Instructions to follow: Locate the word "having" in the data below, then copy every line that holds it.

Data excerpts:
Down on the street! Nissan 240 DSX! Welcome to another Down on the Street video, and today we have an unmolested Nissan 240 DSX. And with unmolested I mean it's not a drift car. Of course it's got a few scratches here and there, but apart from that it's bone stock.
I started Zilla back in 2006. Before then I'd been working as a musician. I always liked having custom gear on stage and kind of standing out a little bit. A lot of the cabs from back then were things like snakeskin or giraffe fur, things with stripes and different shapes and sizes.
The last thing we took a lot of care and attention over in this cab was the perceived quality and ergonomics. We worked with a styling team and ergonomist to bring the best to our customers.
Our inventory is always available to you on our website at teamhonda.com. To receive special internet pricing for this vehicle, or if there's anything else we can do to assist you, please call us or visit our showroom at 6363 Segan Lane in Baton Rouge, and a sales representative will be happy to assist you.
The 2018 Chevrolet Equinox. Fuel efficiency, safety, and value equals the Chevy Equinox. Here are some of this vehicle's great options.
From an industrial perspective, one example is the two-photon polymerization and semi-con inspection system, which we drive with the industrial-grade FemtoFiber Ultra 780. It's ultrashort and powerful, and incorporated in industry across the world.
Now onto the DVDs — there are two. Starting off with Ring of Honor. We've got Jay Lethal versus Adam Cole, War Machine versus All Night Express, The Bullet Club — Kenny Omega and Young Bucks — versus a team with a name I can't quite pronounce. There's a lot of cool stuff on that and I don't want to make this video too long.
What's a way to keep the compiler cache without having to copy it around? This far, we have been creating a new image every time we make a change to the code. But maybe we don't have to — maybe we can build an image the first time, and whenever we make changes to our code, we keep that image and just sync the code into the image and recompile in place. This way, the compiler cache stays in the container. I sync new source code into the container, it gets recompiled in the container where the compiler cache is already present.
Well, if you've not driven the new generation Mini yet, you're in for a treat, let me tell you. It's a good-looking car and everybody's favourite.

Output for this exercise:
I started Zilla back in 2006. Before then I'd been working as a musician. I always liked having custom gear on stage and kind of standing out a little bit. A lot of the cabs from back then were things like snakeskin or giraffe fur, things with stripes and different shapes and sizes.
What's a way to keep the compiler cache without having to copy it around? This far, we have been creating a new image every time we make a change to the code. But maybe we don't have to — maybe we can build an image the first time, and whenever we make changes to our code, we keep that image and just sync the code into the image and recompile in place. This way, the compiler cache stays in the container. I sync new source code into the container, it gets recompiled in the container where the compiler cache is already present.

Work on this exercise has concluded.